[Start of Attachment]

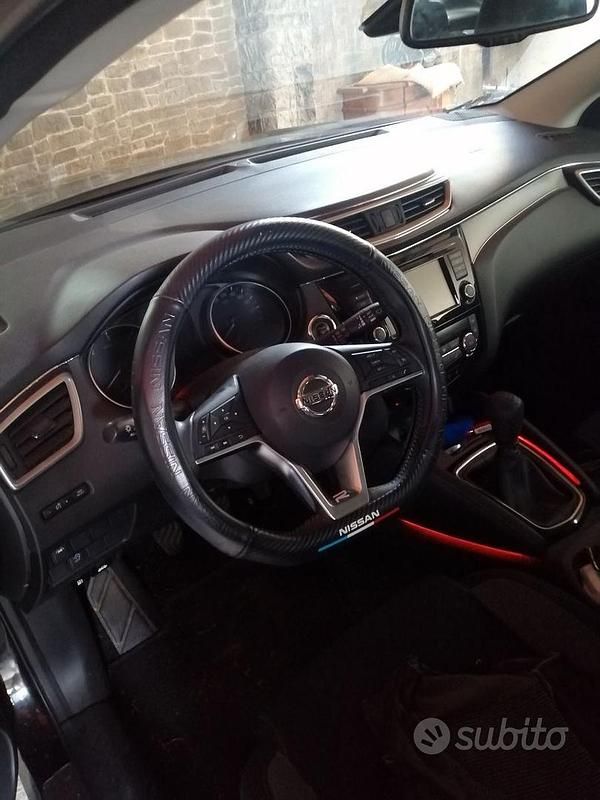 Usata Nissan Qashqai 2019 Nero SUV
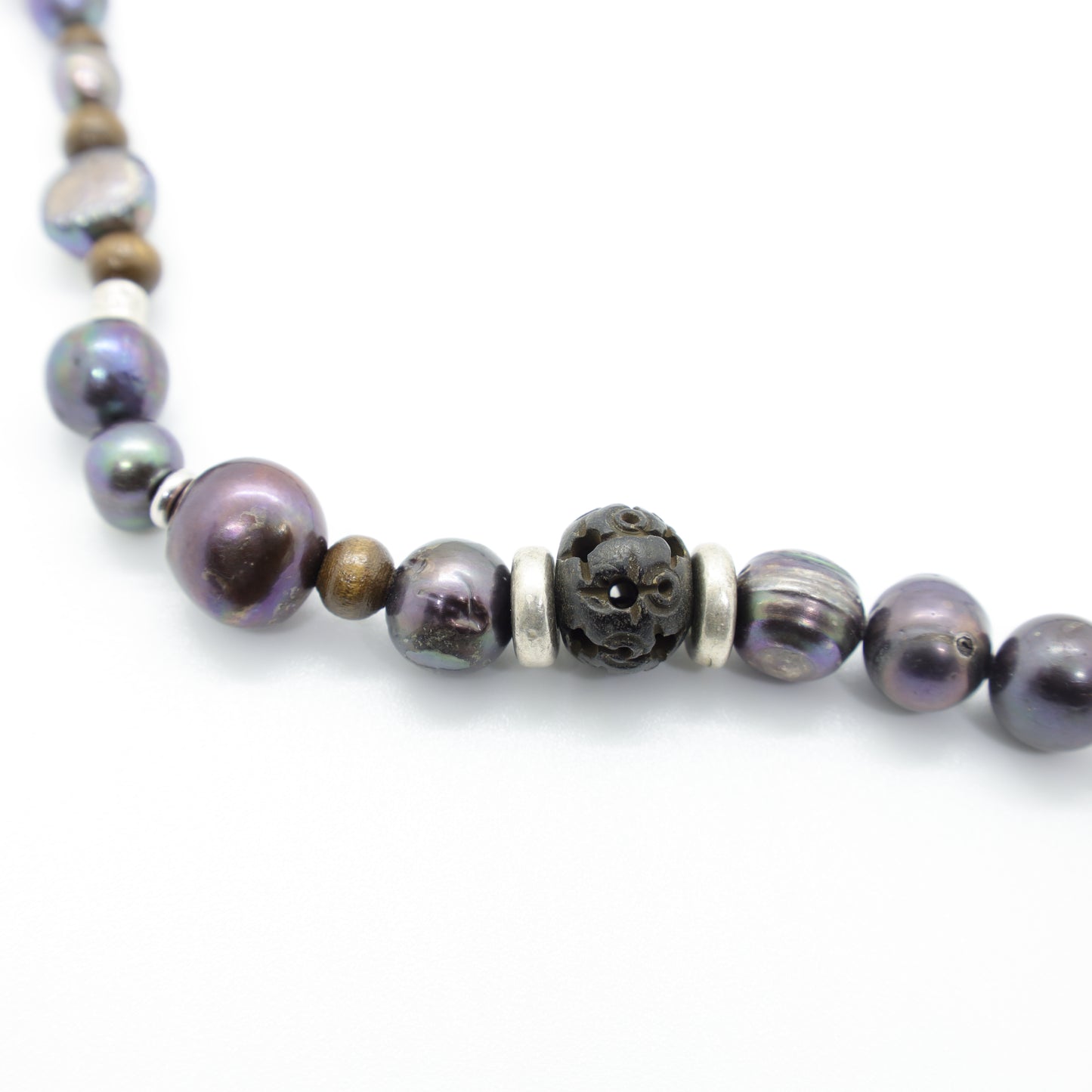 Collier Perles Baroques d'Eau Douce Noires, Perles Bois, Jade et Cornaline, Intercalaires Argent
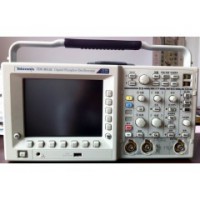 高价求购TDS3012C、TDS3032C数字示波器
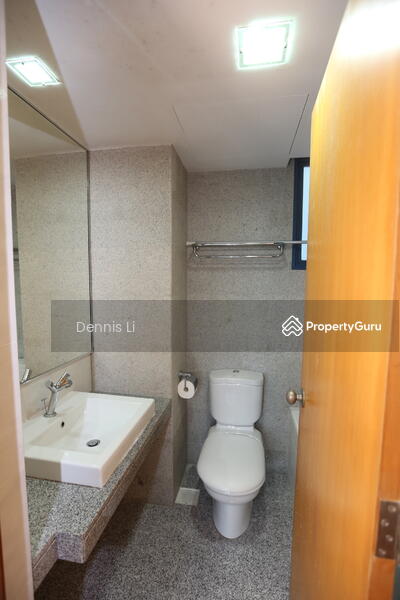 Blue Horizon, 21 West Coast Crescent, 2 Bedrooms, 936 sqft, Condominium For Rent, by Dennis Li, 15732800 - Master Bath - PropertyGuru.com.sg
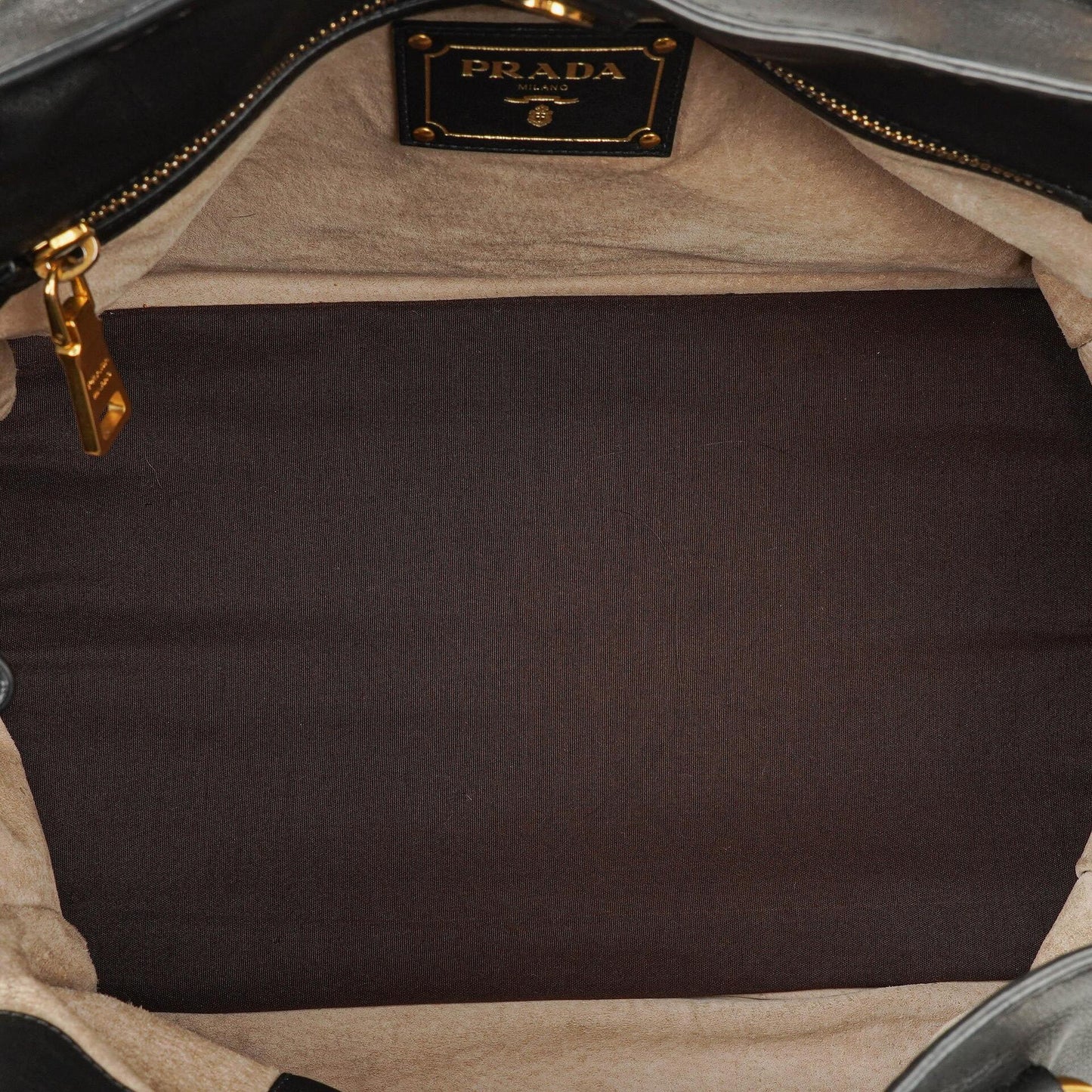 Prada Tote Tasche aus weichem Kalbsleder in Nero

[End of Attachment]
[Start of Attachment]

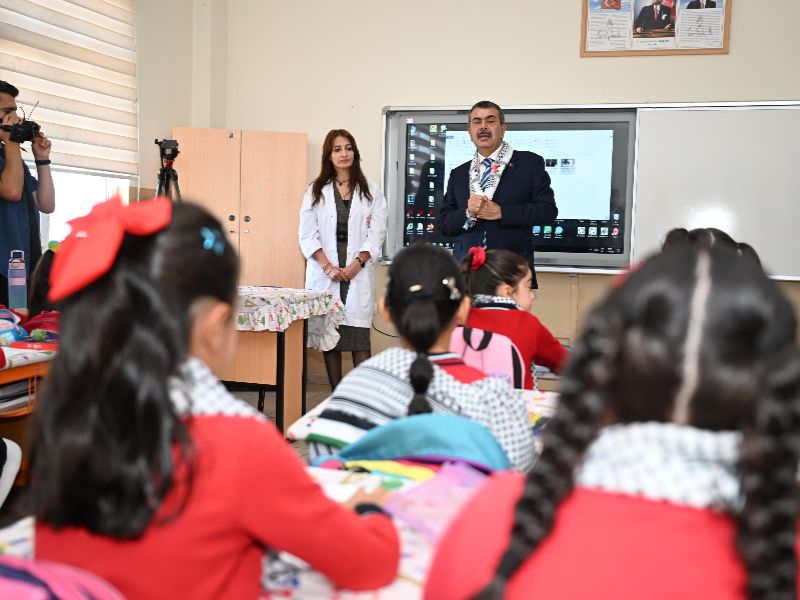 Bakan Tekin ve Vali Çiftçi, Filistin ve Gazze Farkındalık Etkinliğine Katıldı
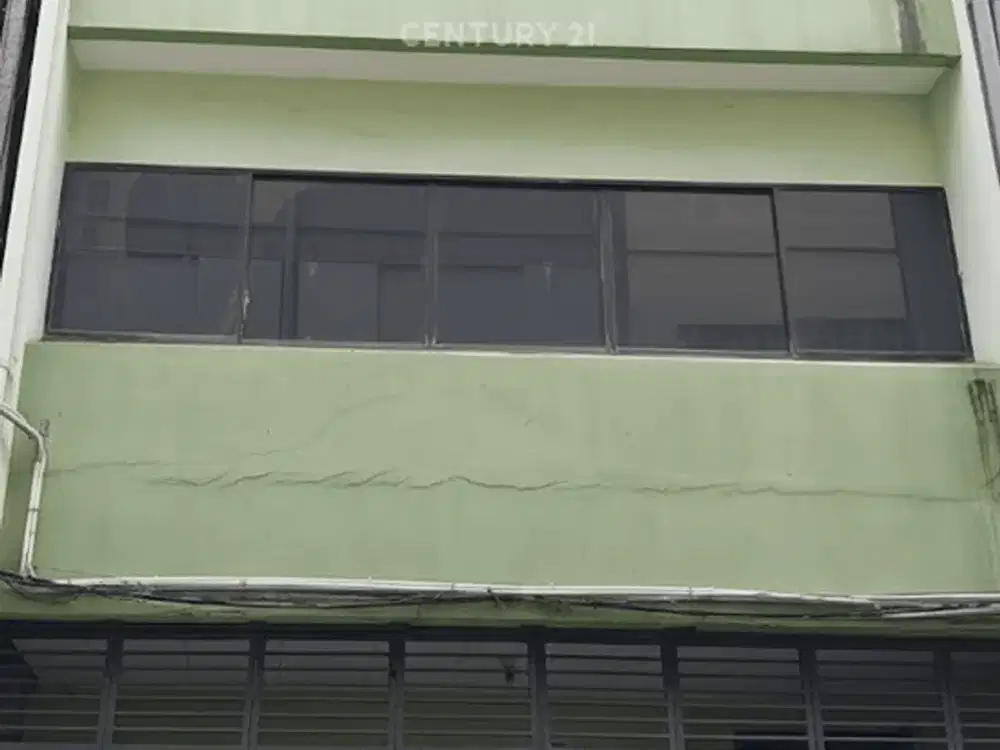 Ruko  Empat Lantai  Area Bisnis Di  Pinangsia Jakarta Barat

[End of Attachment]

# Task details
In the data above, find the line with "高价求购TDS3012C、TDS3032C数字示波器" and the line with "Prada Tote Tasche". Please copy exactly those two lines and every line between them, but not the pictures.

# Output of the task
 高价求购TDS3012C、TDS3032C数字示波器
 Blue Horizon, 21 West Coast Crescent, 2 Bedrooms, 936 sqft, Condominium For Rent, by Dennis Li, 15732800 - Master Bath - PropertyGuru.com.sg
 Prada Tote Tasche aus weichem Kalbsleder in Nero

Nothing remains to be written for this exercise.